In Rush to Strike Syria, US Tried to Derail UN Probe
Truth Out has the article In Rush to Strike Syria, US Tried to Derail UN Probe by Gareth Porter, Inter Press Service.
Washington – After initially insisting that Syria give United Nations investigators unimpeded access to the site of an alleged nerve gas attack, the administration of President Barack Obama reversed its position on Sunday and tried unsuccessfully to get the U.N. to call off its investigation.
The administration’s reversal, which came within hours of the deal reached between Syria and the U.N., was reported by the Wall Street Journal Monday and effectively confirmed by a State Department spokesperson later that day.

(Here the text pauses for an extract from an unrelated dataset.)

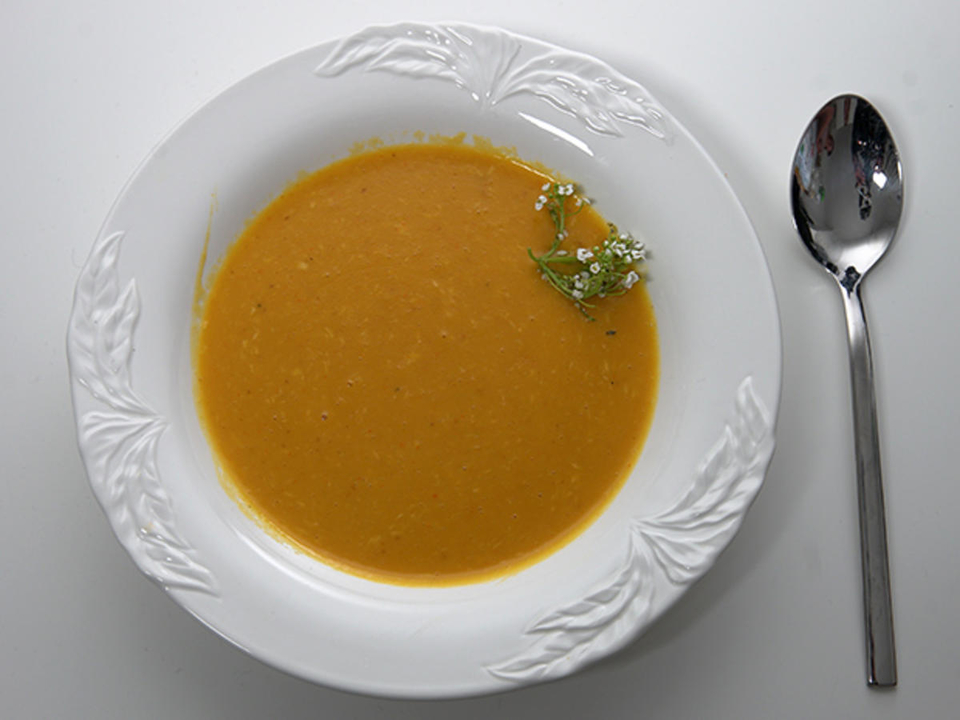 Kürbissuppe mit Garnelen hängend an Zitronengras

Not only do we now know that the administration would rather not hear any facts that contradict their preconceived notions, we now know that any Wall Street type that reads the news pages of The Wall Street Journal knows it too. My observation in the past has been that The Wall Street Journal news pages and The Wall Street Journal editorial pages are written in different worlds. The editorial pages can be said to come from an alternate universe from the one in which most of us live. If I stumble onto something on the editorial pages, I can rest assured that it is proven wrong in its own news pages. Perhaps the people who are inclined to believe the editorials think that the editorials disprove the news if they even bother to read the news.

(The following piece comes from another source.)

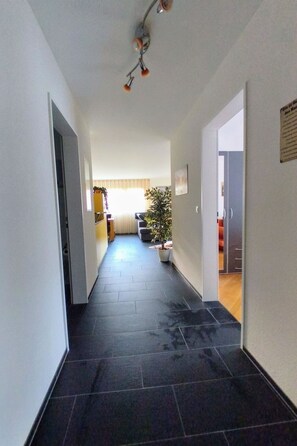 Corredor com piso ladrilhado que dá para uma sala de estar com sofá e planta.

Gareth Porter’s conclusion of his article states the following:
The administration’s effort to discredit the investigation recalls the George W. Bush administration’s rejection of the position of U.N. inspectors in 2002 and 2003 after they found no evidence of any weapons of mass destruction in Iraq and the administration’s refusal to give inspectors more time to fully rule out the existence of an active Iraqi WMD programme.
In both cases, the administration had made up its mind to go to war and wanted no information that could contradict that policy to arise.
Maybe we should ask the President the classical question from the Verizon ads, “Can you hear me now?”